Many authors of more recent books for children and teenagers have similarly crossed over to the dark side, and we applaud them for it. But the savagery we offer children today is more unforgiving than it once was, and the shadows are rarely banished by comic relief. Instead of stories about children who will not grow up, we have stories about children who struggle to survive.

Saying that anything dark needs to be combatted with comedy or light is a very subjective argument to make. Throw in the word savagery and I wonder what exactly the author is reading. Animal science books perhaps?

In 2009, Neil Gaiman won the Newbery Medal, the most distinguished award in the field of children’s literature, for “The Graveyard Book,” a work that makes no bones about its subject matter. Here is what children read on Page 1: “There was a hand in the darkness and it held a knife.” A few paragraphs later, the wielder of the knife has finished off three family members and is on his way to the nursery to slash the throat of the fourth. It is up to the hero, Bod — short for Nobody — to find the killer.

This whole paragraph makes me think that the author of the piece either didn’t read The Graveyard Book in it’s entirety or just focused on one subplot of the book to make her point hit home. There was so much more to this book than finding a murderer. So much more than the murders themselves to forced Bod to move forward. The Graveyard book is a quintessential coming of age story, Bod needs to find his way back into the world being absent for so long and to grow up and put to rest the bad things that happened in his life so he can be a happy child. Bod needs resolution yes, but he also needs to learn to grow into a young man and step back into being alive again. I would never go as far as to call this book savage.

But neither the Harry Potter books nor “His Dark Materials” has anything to equal the horrors of what Katniss Everdeen and Peeta Mellark suffer in Suzanne Collins’s wildly successful trilogy, “The Hunger Games.” Katniss must kill to survive in gladiator-like contests, and her victims are not the fabulous monsters of fairy tales or of Wonderland and Neverland, but other children.

Because its totally fair to compare a fairly new dystopian book to an incredibly old fantasy book. And while we are here can we please note that this lady tends to lean towards really old volumes written when literature was a veritable sausage-fest?

They were as passionate about their young readers as they were about the books they wrote. In 1856, Carroll purchased a camera with the hope of freezing time through his portraits of little girls. By capturing them in photographs, he made sure they never grew up.

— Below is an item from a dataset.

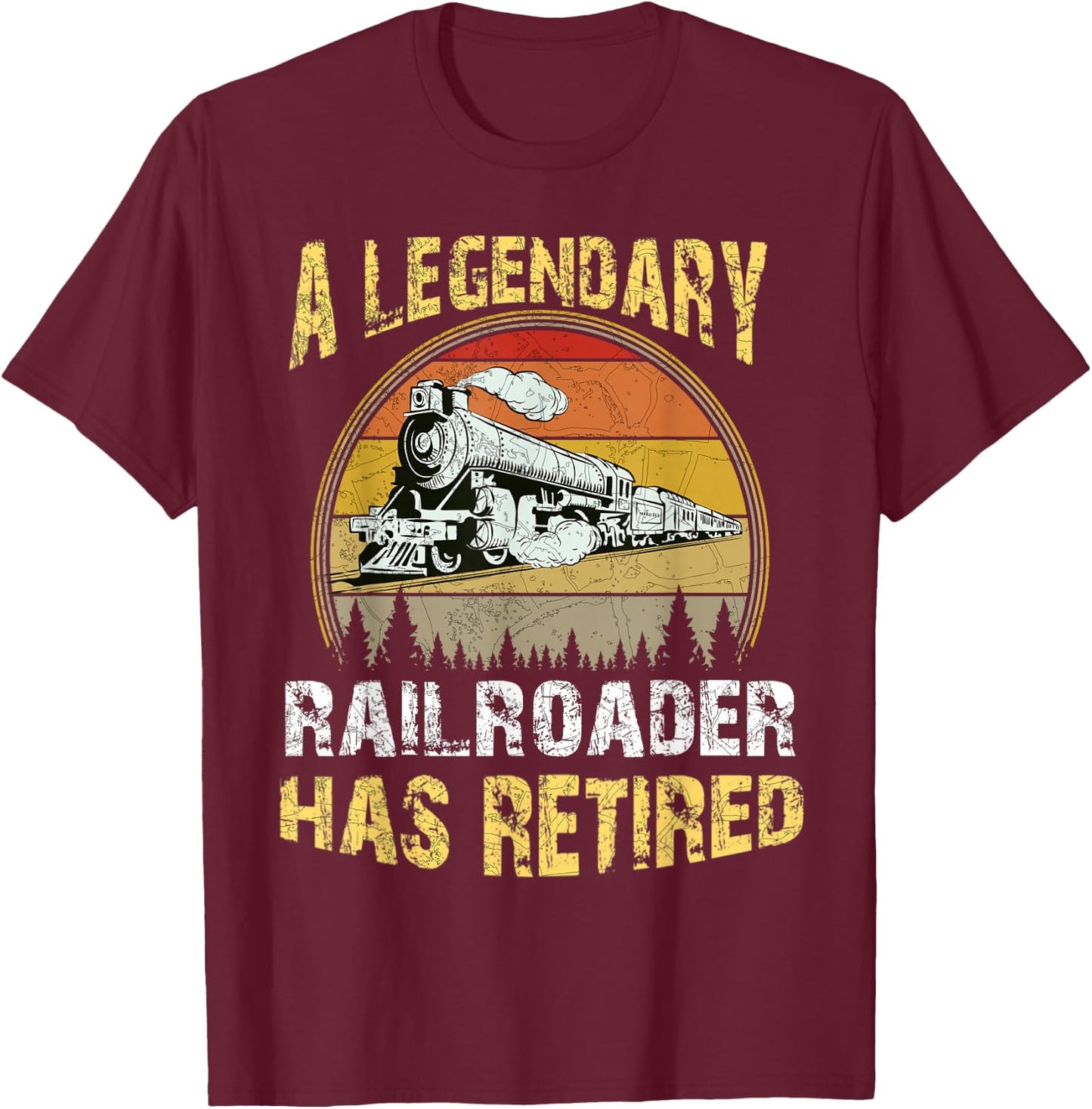 A Legendary Railroader Has Retired Retirement Party Retro T-Shirt - T-Shirt | Maroon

I am sure today’s authors can find a way less creepy way to be passionate about their young readers. But hey, if any of you want to capture my little girl forever on your camera… I am sure we can make a deal.

All in all I was incredibly flummoxed reading an article by a folklorist from Harvard that couldn’t appreciate the new folklore happening all around her now. Instead Maria Tatar would rather live in the sausage-fest past and focus her attentions on a boy who never grew up.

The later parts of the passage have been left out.